Despite agreeing to remove Smith, lawmakers were unable to come up with a replacement during the 2017 Session, as the House did not move forward with any of the suggestions from the Great Floridians Program within the state Division of Historic Resources.

Bethune, whose resume included serving as an adviser to President Franklin Roosevelt, founded what became known as Bethune-Cookman University in Daytona Beach. The university has offered to pay for the new statute.

Sen. Tom Lee, a Thonotosassa republican, attached an amendment to the bill Wednesday to require the Smith statue be acquired and displayed by the Florida Division of Cultural Affairs.

“I think it should be back in the state of Florida,” Lee said. “I think we have a Division of Cultural Affairs, within the secretary of state’s office, that can receive that important piece of Florida’s history and place it appropriately somewhere in a museum.”

Meanwhile, the Senate also is on the verge of approving a plan to spend $100 million a year on the Florida Forever land-preservation program.
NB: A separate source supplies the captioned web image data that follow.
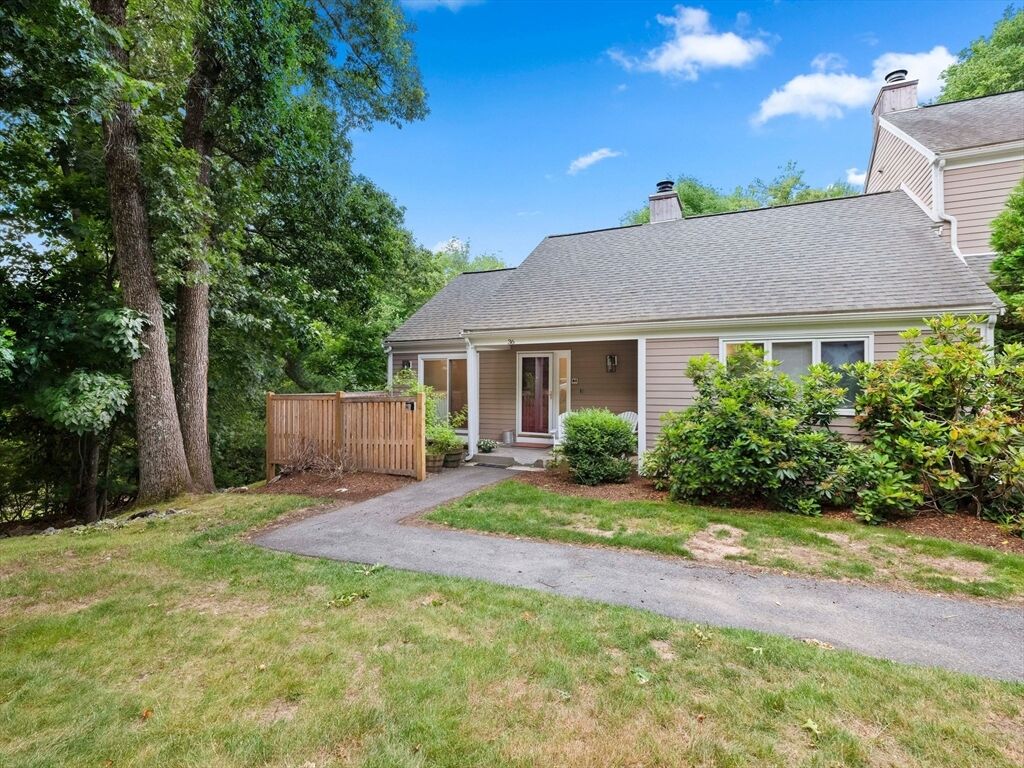 Property Photo:  36 Fifer Lane 36  MA 02420 
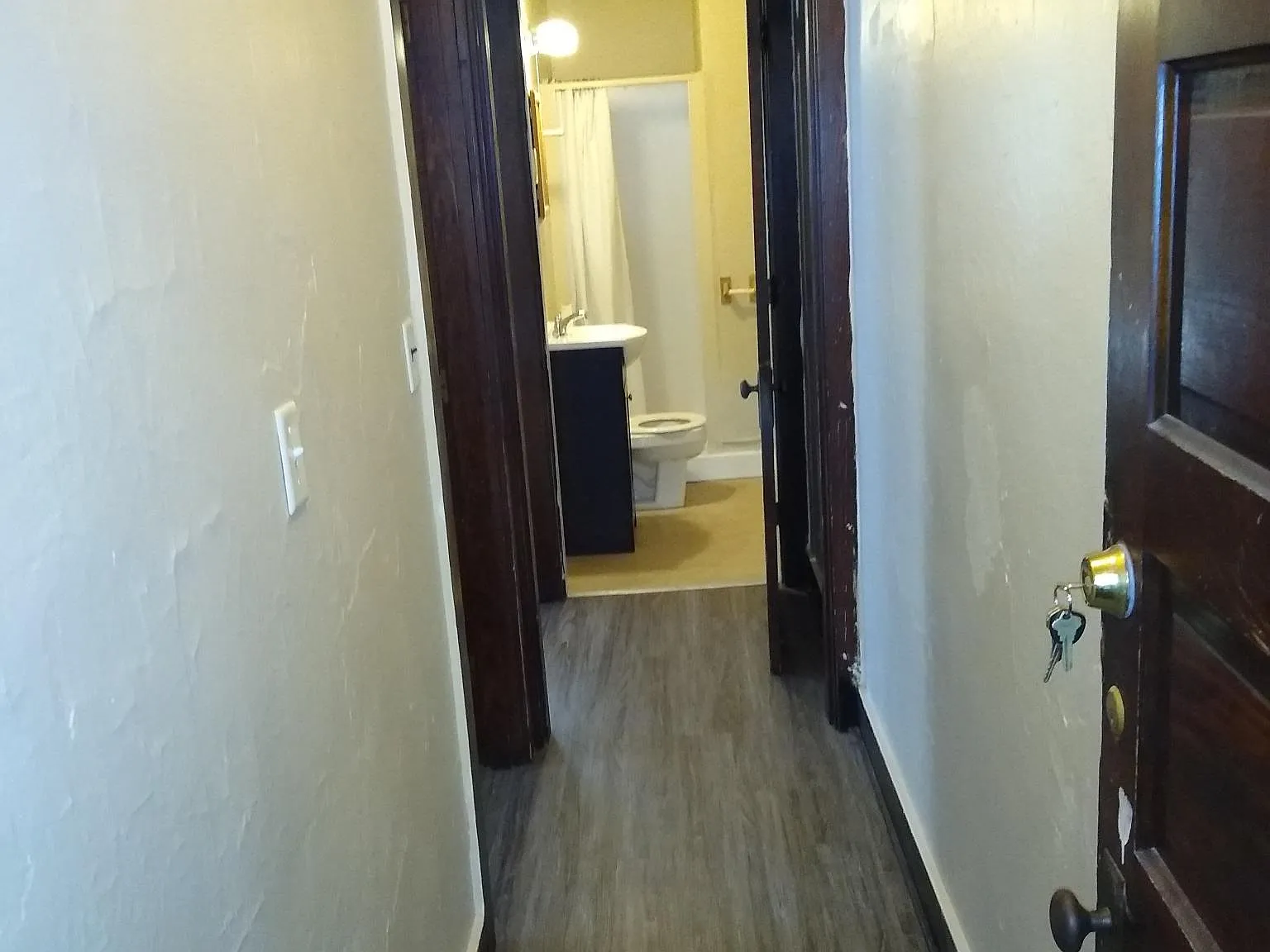 1 bed, $700 — Photo 2
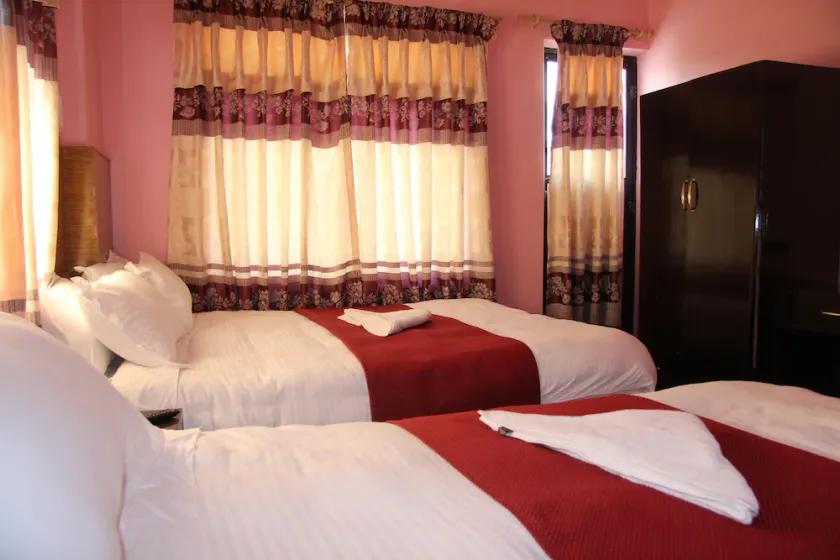 Hotel Butter Cup - Image 1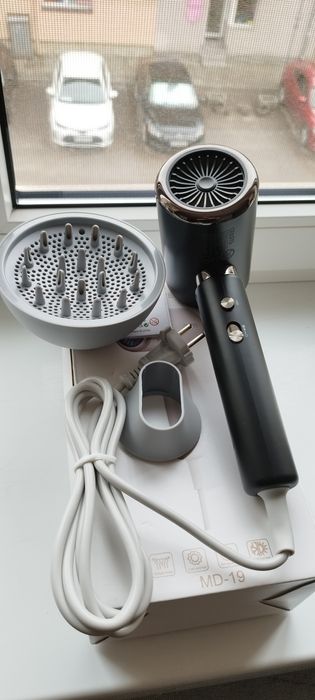 Могутній Іонний Фен CRASTS з дифузором Європейського стандарту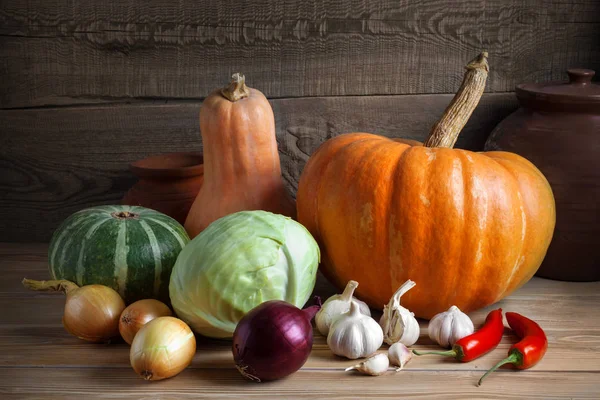 sağlıklı yemek pişirmek için taze çiğ sebze gıdalar, üst görünümü. Diyet, sağlıklı veya vejetaryen gıda kavramı yeme.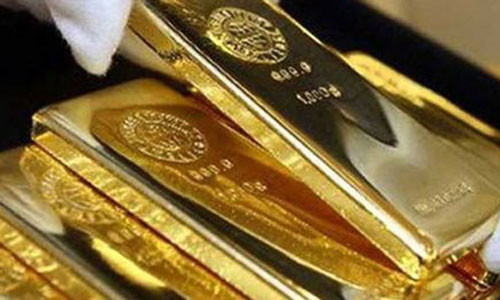 Gia vang hom nay 25/10: USD bung tang, vang chua ha nhiet
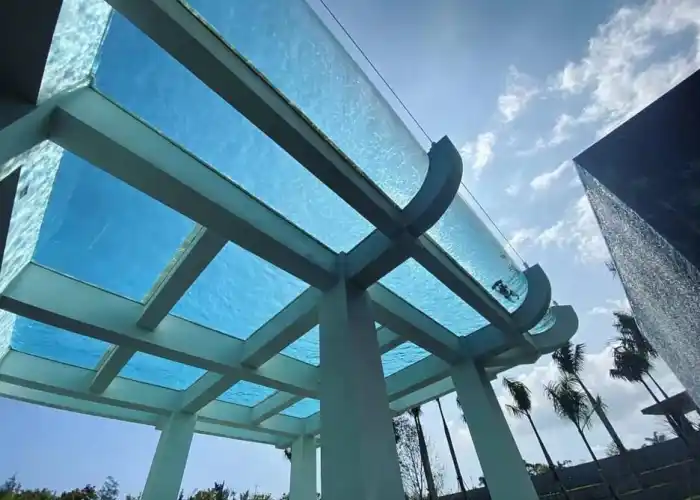 luxury see-through pools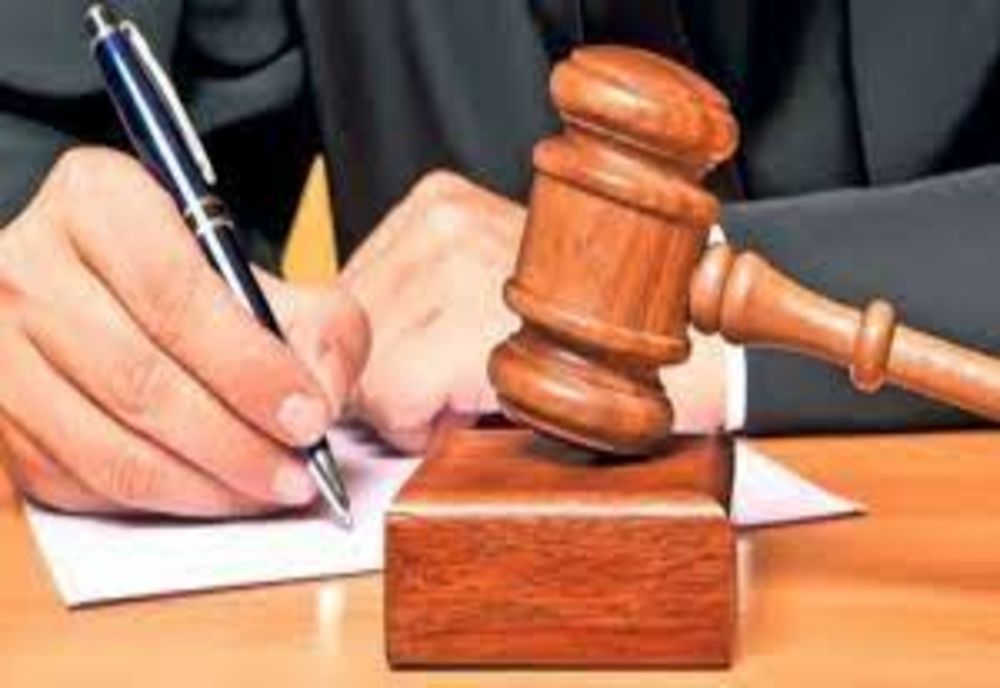 Un om de afaceri a fost trimis în judecată pentru dare de mită unui primar din judeţul Giurgiu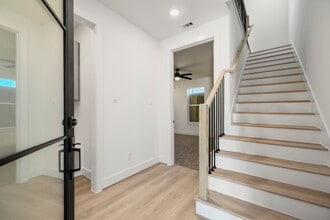 Building Photo - 6326 Del Rio St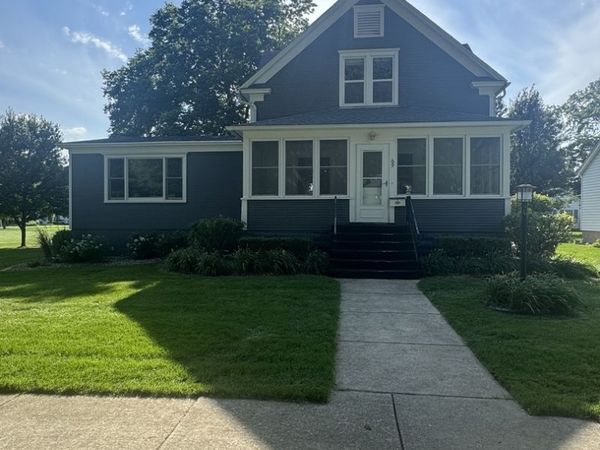 69 Hill Street , Momence, IL 60954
The bill (SB 370), sponsored by Appropriations Chairman Rob Bradley, a Fleming Island Republican, would use money from a 2014 voter-approved constitutional amendment aimed at increasing land and water conservation.

“The ($100 million) number is not a magic number, but it is commensurate with when you look at how funds have been appropriated, via statute, whether it be (for) springs or the Everglades,” Bradley said.

In past years, lawmakers directed at least $200 million a year to the Everglades; $64 million for a reservoir in the Everglades Agricultural Area; $50 million for the state’s natural springs; and $5 million for Lake Apopka.

The constitutional amendment directed that a portion of money from a real-estate documentary tax go into the land-acquisition trust fund. That is expected to generate $862.2 million next year.

As part of Bradley’s proposal, lawmakers would not be able to use the trust fund money for agency overhead, which has been a point on contention with backers of the 2014 amendment.

Bradley also has a separate measure (SB 204) to increase annual funding for the state’s natural springs to $75 million and to set aside $50 million a year for the restoration of the St. Johns River, its tributaries and the Keystone Heights lake region in North Florida. The bill is also ready to go before the Senate.

Meanwhile, Sen. Debbie Mayfield, a Rockledge Republican, Rep. Gayle Harrell, a Stuart Republican, and Rep. Rene Plasencia, an Orlando Republican, are seeking another $50 million from the trust fund (SB 786 and HB 339) to help restore the condition of the Indian River Lagoon.

Port Orange Republican Sen. Dorothy Hukill has taken over legislation (SB 174), initially filed by former Sen. Jack Latvala, that seeks $50 million a year for beach projects.

Senate announces new policy on sexual, workplace harassment

Prompted by a series of sex scandals that enveloped several senators, the Florida Senate on Thursday rolled out new guidelines on how to handle sexual harassment in the workplace.

The new employee code of conduct cites “patting, pinching, or intentionally brushing against an individual’s body,” unwelcome kissing or hugging as part of a greeting — including a peck on the cheek –, and sending emails, text messages or notes — whether it be a cartoon, a photo or a joke — of sexual nature, as examples that could violate the policy.

But any type of sexual harassment, whether verbal, nonverbal or physical, is prohibited. An employee found to be in violation of this policy could face immediate termination.

“The Senate has zero tolerance for sexual and workplace harassment and through these changes to our policies and rules we intend to make our commitment to a safe, professional work environment even clearer and even stronger,” Senate President Joe Negron said in a memo obtained by Florida Politics.

Any individual — including Senate staffers, visitors, senators, lobbyists and members of the media — who experiences sexual harassment in the Senate can log a complaint with numerous individuals, including human resources and their immediate supervisors.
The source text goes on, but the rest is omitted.